● PROBLEM DETAILS
From the data below, return all lines holding the string "Used".

● Stored items

***

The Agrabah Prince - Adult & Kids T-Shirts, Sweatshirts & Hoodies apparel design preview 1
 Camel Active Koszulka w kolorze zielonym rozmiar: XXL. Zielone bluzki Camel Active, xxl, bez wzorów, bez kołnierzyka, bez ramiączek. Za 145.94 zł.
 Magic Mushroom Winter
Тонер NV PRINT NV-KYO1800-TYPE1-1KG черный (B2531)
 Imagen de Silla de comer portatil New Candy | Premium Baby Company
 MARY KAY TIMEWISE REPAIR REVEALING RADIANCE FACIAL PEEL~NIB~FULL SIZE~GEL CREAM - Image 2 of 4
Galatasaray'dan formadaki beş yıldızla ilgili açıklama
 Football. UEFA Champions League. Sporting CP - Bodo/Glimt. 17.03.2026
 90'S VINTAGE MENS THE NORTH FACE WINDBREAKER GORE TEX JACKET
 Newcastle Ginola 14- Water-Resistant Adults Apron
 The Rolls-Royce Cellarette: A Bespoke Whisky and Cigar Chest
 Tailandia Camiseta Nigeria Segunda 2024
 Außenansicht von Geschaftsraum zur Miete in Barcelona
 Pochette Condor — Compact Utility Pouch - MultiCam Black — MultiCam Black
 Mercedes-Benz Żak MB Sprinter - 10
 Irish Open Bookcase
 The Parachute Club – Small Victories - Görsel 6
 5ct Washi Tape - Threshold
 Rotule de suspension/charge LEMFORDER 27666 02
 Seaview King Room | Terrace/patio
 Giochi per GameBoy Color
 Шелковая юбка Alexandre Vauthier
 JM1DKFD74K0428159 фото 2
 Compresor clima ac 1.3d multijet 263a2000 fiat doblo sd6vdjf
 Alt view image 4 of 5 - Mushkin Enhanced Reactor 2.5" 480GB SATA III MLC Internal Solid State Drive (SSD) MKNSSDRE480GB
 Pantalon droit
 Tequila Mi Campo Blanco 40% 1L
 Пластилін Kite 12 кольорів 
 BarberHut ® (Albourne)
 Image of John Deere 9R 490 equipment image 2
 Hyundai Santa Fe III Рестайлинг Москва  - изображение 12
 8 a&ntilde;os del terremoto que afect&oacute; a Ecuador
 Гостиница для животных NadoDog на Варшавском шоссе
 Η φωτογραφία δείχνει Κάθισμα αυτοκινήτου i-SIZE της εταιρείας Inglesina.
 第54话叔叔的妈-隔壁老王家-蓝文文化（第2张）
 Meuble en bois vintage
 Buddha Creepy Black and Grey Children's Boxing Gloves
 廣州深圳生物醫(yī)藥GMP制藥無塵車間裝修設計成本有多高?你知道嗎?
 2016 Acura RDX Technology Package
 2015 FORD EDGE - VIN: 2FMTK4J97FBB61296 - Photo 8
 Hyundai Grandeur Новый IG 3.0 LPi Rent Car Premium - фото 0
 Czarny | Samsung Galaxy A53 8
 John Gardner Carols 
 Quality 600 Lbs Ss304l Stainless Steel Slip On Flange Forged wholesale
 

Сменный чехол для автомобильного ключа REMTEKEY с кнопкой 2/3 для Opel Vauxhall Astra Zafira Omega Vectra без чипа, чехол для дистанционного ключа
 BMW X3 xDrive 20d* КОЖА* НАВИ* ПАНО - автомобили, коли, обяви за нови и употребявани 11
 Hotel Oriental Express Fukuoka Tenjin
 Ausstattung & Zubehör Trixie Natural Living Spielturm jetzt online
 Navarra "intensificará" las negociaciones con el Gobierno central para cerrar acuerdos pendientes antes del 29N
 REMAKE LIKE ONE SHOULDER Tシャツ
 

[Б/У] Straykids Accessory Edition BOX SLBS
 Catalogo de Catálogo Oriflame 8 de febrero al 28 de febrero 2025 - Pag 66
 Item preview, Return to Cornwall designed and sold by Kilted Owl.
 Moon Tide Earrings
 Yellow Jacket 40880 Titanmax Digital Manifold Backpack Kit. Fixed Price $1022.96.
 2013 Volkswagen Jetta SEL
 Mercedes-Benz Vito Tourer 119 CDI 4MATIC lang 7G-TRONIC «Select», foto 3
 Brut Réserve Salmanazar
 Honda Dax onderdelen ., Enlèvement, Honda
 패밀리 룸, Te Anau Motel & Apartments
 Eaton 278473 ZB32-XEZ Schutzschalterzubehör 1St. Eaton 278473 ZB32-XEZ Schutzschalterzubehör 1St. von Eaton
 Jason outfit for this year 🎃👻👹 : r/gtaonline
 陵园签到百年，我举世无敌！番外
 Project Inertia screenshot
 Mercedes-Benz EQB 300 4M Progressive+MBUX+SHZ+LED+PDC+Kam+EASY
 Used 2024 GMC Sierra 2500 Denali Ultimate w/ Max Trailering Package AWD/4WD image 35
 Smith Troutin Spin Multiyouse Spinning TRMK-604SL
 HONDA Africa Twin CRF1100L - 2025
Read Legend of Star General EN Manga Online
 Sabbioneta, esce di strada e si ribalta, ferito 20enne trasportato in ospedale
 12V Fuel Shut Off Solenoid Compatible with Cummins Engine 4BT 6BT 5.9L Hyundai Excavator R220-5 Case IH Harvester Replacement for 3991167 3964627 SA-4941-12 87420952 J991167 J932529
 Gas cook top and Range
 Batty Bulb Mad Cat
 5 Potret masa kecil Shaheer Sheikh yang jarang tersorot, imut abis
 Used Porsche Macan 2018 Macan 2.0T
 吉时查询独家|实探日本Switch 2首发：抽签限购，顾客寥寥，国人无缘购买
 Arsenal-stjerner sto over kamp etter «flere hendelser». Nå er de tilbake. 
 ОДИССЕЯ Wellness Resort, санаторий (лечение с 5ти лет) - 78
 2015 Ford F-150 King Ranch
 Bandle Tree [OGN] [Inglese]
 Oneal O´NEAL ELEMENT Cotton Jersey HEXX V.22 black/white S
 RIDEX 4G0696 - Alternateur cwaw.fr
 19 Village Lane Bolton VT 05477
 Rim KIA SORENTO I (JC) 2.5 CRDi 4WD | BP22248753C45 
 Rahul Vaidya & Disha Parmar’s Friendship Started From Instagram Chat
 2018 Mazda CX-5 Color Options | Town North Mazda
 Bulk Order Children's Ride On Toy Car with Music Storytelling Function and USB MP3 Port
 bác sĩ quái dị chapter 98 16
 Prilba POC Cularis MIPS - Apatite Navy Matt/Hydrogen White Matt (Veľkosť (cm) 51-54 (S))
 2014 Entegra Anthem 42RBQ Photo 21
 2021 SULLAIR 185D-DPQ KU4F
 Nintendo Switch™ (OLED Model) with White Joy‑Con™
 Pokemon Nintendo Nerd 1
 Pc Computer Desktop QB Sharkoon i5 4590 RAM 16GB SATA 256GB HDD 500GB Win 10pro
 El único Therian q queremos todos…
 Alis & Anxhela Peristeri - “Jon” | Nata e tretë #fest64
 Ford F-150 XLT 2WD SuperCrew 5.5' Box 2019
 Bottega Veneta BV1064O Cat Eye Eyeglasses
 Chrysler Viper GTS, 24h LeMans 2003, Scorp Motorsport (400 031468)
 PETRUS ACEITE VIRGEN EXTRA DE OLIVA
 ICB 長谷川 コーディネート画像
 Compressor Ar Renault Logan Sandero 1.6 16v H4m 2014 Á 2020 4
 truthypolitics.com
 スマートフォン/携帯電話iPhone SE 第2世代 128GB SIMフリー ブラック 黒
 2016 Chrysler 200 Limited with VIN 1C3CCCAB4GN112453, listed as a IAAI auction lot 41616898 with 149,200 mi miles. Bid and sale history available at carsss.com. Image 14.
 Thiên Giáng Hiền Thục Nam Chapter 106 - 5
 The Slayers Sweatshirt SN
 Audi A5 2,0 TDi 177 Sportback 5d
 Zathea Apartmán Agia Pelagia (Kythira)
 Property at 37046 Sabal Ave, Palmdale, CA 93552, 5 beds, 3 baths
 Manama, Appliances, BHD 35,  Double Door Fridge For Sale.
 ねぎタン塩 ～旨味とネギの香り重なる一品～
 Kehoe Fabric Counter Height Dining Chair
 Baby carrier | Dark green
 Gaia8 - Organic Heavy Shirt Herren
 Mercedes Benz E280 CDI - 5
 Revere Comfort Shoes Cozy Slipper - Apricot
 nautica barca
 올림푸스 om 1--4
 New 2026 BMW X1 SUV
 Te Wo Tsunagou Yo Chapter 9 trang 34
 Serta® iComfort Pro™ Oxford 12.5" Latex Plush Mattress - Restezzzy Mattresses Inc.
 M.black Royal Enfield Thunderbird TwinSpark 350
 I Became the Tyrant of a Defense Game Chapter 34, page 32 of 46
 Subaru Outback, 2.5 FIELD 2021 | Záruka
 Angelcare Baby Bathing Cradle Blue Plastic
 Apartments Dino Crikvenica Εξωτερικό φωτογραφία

***

● YOUR SOLUTION
 Used 2024 GMC Sierra 2500 Denali Ultimate w/ Max Trailering Package AWD/4WD image 35
 Used Porsche Macan 2018 Macan 2.0T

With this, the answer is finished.